Koda is approaching 12 years old. She still has the heart and drive to do things like she did when she was young but her body obviously disagrees. How do I decide when to force her to stop? I don't want her to injure herself or make herself sick but I also don't want to kill her spirit.

Take walks for example, she is obviously fatigued after 1.5-2 miles in our heat but when I drop her off at the house to continue with walking the pup, she is incredibly unhappy and doesn't want to be left behind. She has no quit in her.


----------



## Buckelke (Sep 4, 2019)

could you walk them at different times? That way each would have a special time with you.

Ellie was like that - a fighter. Spent her whole life fighting on the streets, in shelters and several homes. With us, she never gave up on anything. If was hard to let her go because even with dm she wasn't going to quit. Just the way some dogs are, I guess. About all you can do is give her all the help and love you can.


----------



## Sunsilver (Apr 8, 2014)

Buckelke said:


> could you walk them at different times? That way each would have a special time with you.
> 
> Ellie was like that - a fighter. Spent her whole life fighting on the streets, in shelters and several homes. With us, she never gave up on anything. If was hard to let her go because even with dm she wasn't going to quit. Just the way some dogs are, I guess. About all you can do is give her all the help and love you can.


Buckelke I had to make that decision with my first German shepherd, who had spondylitis in her spine, and reached the point where she could no longer walk.
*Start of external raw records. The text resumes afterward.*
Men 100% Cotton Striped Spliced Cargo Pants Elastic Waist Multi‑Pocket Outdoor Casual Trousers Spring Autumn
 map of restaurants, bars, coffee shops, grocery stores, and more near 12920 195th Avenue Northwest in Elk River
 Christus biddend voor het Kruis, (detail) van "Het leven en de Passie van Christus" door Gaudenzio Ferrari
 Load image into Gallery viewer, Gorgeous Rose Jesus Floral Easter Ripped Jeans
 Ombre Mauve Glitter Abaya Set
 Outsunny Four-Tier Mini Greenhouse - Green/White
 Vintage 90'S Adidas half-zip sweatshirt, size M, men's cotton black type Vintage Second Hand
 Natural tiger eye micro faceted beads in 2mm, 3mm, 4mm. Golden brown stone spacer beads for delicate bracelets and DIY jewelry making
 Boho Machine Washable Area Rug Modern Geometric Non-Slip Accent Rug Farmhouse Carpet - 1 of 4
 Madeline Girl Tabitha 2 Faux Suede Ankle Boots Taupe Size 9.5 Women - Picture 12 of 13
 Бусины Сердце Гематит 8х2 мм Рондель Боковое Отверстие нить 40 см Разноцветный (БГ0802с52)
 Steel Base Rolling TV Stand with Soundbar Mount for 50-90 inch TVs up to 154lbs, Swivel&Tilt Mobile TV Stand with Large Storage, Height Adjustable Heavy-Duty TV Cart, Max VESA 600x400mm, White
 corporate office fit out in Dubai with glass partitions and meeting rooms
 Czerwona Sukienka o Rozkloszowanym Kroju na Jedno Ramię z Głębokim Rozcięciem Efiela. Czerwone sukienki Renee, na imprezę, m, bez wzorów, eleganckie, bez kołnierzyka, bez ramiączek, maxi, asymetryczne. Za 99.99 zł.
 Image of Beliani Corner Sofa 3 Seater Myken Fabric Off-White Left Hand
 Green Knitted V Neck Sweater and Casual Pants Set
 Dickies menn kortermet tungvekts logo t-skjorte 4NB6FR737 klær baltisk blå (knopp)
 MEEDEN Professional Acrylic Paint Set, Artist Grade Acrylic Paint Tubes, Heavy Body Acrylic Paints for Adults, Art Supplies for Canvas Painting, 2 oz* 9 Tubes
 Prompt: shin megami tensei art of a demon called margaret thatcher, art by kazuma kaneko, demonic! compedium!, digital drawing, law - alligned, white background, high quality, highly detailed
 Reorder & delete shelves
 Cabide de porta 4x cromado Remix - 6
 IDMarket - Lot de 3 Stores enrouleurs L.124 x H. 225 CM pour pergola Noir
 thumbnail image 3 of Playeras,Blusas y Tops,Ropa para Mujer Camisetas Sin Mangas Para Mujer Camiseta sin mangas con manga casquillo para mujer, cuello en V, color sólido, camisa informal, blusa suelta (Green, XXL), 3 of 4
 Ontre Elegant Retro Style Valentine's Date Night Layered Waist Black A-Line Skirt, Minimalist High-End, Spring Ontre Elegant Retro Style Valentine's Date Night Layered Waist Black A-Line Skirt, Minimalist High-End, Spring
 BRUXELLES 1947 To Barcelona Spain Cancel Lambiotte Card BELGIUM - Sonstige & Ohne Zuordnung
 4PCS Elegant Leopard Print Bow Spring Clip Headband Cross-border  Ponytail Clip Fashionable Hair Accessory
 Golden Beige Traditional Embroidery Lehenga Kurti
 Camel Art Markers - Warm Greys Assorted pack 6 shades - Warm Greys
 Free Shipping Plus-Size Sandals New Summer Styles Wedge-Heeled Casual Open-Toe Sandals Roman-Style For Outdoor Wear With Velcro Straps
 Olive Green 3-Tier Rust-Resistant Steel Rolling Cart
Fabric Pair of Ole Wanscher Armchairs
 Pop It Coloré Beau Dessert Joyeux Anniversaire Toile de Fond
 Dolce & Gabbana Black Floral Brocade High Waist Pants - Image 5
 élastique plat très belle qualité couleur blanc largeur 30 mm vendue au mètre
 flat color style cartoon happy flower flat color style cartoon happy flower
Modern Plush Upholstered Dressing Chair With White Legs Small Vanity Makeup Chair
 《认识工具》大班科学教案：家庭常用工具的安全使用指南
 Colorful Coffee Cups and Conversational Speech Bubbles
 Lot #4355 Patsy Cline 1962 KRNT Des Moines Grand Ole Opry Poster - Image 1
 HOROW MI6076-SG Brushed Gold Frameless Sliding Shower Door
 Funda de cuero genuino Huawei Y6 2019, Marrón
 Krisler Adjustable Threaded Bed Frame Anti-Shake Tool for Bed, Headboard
It was SO hard, because she was only 9, and obviously still had spunk and spirit, but with the arthritis, she no doubt was in a lot of pain, though she never showed it. 

Agree that walking them at different times would be a good idea, if you can afford the extra time!


----------



## Mike_E38654 (Oct 15, 2020)

That's a hard question that only your and your family can answer.

My approach is to wait a while after I have finally seen that my buddies have lived all the good days they will ever have and mostly all the OK days. Then we make a best OK day we can and start their new, last, adventure.


----------



## Koda'sMom (Feb 13, 2013)

I'm by no means talking about death! She still has at least a few good years in her. I'm talking more about limiting activity and exercise for her own good vs letting her decide and possibly get hurt. Even in her youth I had to decide when to stop an activity because she will literally go until she drops. Learned that when she passed out playing fetch. She is not good at taking breaks and resting.


----------



## Sunflowers (Feb 17, 2012)

It is so sad when they get old, isn’t it?
One day, while playing fetch, Hans lifted his leg as if to urinate, then limped over to me with this incredibly sad look on his face, leg still up.
I thought he pulled something, so I waited a week, then tried again. Nope, same thing happened.

I had to decide to stop all fetch, which still makes me sad. He has to make do with romping around the house with Rolf and several jolly soccer balls, and going outside to sniff and do his business.
Walks need to be short, because he starts dragging butt fairly quickly. He has bad hip dysplasia.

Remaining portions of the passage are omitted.